Crawled caption data:
---

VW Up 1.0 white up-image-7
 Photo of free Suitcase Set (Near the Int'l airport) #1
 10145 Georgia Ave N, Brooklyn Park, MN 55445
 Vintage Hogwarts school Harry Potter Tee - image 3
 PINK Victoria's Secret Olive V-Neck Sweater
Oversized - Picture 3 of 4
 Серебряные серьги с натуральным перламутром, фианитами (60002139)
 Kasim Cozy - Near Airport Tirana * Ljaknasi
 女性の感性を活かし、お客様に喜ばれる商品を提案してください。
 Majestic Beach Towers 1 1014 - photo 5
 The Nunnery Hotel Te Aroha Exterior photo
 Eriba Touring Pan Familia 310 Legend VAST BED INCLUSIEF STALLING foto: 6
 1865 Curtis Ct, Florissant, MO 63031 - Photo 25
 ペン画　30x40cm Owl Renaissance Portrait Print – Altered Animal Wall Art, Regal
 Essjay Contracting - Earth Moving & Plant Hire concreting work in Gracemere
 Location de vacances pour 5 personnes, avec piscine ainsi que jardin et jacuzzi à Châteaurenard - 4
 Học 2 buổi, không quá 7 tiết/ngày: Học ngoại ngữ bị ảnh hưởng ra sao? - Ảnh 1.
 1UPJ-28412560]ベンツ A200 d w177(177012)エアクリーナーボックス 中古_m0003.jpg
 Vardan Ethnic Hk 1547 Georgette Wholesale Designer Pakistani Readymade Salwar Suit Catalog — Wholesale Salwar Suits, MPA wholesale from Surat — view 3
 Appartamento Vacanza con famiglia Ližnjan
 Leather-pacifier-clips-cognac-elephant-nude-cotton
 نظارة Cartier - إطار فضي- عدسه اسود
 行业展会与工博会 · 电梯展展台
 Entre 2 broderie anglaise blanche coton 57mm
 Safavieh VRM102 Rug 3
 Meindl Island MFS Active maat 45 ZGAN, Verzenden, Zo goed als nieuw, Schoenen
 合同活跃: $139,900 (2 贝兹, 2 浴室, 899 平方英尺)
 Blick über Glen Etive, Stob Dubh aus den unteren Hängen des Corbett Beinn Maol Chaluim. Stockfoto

---

**Activity**
Print each record again. Nothing may be left out.

**Solution**
VW Up 1.0 white up-image-7
 Photo of free Suitcase Set (Near the Int'l airport) #1
 10145 Georgia Ave N, Brooklyn Park, MN 55445
 Vintage Hogwarts school Harry Potter Tee - image 3
 PINK Victoria's Secret Olive V-Neck Sweater
Oversized - Picture 3 of 4
 Серебряные серьги с натуральным перламутром, фианитами (60002139)
 Kasim Cozy - Near Airport Tirana * Ljaknasi
 女性の感性を活かし、お客様に喜ばれる商品を提案してください。
 Majestic Beach Towers 1 1014 - photo 5
 The Nunnery Hotel Te Aroha Exterior photo
 Eriba Touring Pan Familia 310 Legend VAST BED INCLUSIEF STALLING foto: 6
 1865 Curtis Ct, Florissant, MO 63031 - Photo 25
 ペン画　30x40cm Owl Renaissance Portrait Print – Altered Animal Wall Art, Regal
 Essjay Contracting - Earth Moving & Plant Hire concreting work in Gracemere
 Location de vacances pour 5 personnes, avec piscine ainsi que jardin et jacuzzi à Châteaurenard - 4
 Học 2 buổi, không quá 7 tiết/ngày: Học ngoại ngữ bị ảnh hưởng ra sao? - Ảnh 1.
 1UPJ-28412560]ベンツ A200 d w177(177012)エアクリーナーボックス 中古_m0003.jpg
 Vardan Ethnic Hk 1547 Georgette Wholesale Designer Pakistani Readymade Salwar Suit Catalog — Wholesale Salwar Suits, MPA wholesale from Surat — view 3
 Appartamento Vacanza con famiglia Ližnjan
 Leather-pacifier-clips-cognac-elephant-nude-cotton
 نظارة Cartier - إطار فضي- عدسه اسود
 行业展会与工博会 · 电梯展展台
 Entre 2 broderie anglaise blanche coton 57mm
 Safavieh VRM102 Rug 3
 Meindl Island MFS Active maat 45 ZGAN, Verzenden, Zo goed als nieuw, Schoenen
 合同活跃: $139,900 (2 贝兹, 2 浴室, 899 平方英尺)
 Blick über Glen Etive, Stob Dubh aus den unteren Hängen des Corbett Beinn Maol Chaluim. Stockfoto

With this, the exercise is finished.